# YOUR OBJECTIVE
Nothing but the lines below from the one holding "Molecular Structure Image for 3IC8" up to and including the one holding "Intelligence': the president’s new term for AI, explained" should be copied, exactly and without pictures.

# DATA RECORDS
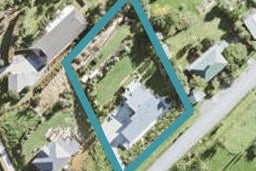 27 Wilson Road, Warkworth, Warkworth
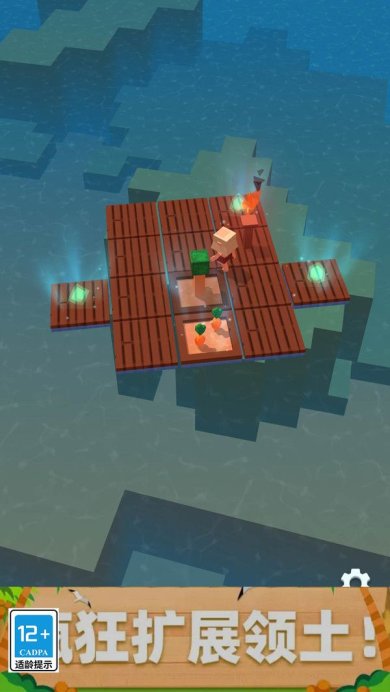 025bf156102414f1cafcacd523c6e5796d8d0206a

---

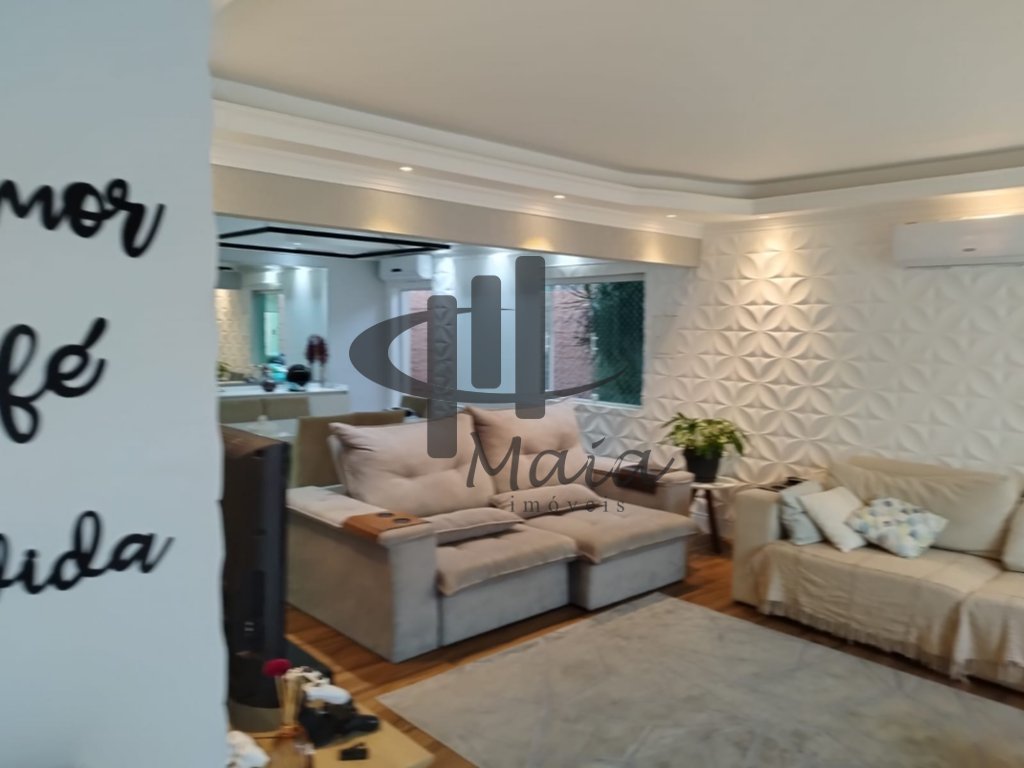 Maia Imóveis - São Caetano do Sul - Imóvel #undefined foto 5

...

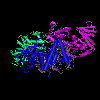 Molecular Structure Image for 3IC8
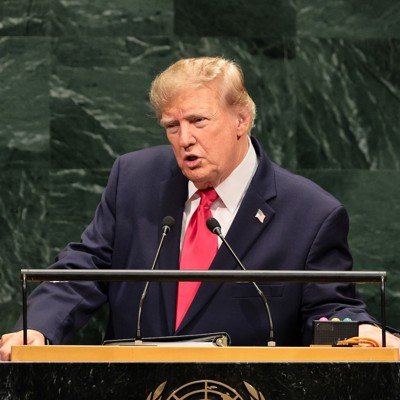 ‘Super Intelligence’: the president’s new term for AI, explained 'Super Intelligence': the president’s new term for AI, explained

# SOLUTION TO THE PROBLEM
 Molecular Structure Image for 3IC8
 ‘Super Intelligence’: the president’s new term for AI, explained 'Super Intelligence': the president’s new term for AI, explained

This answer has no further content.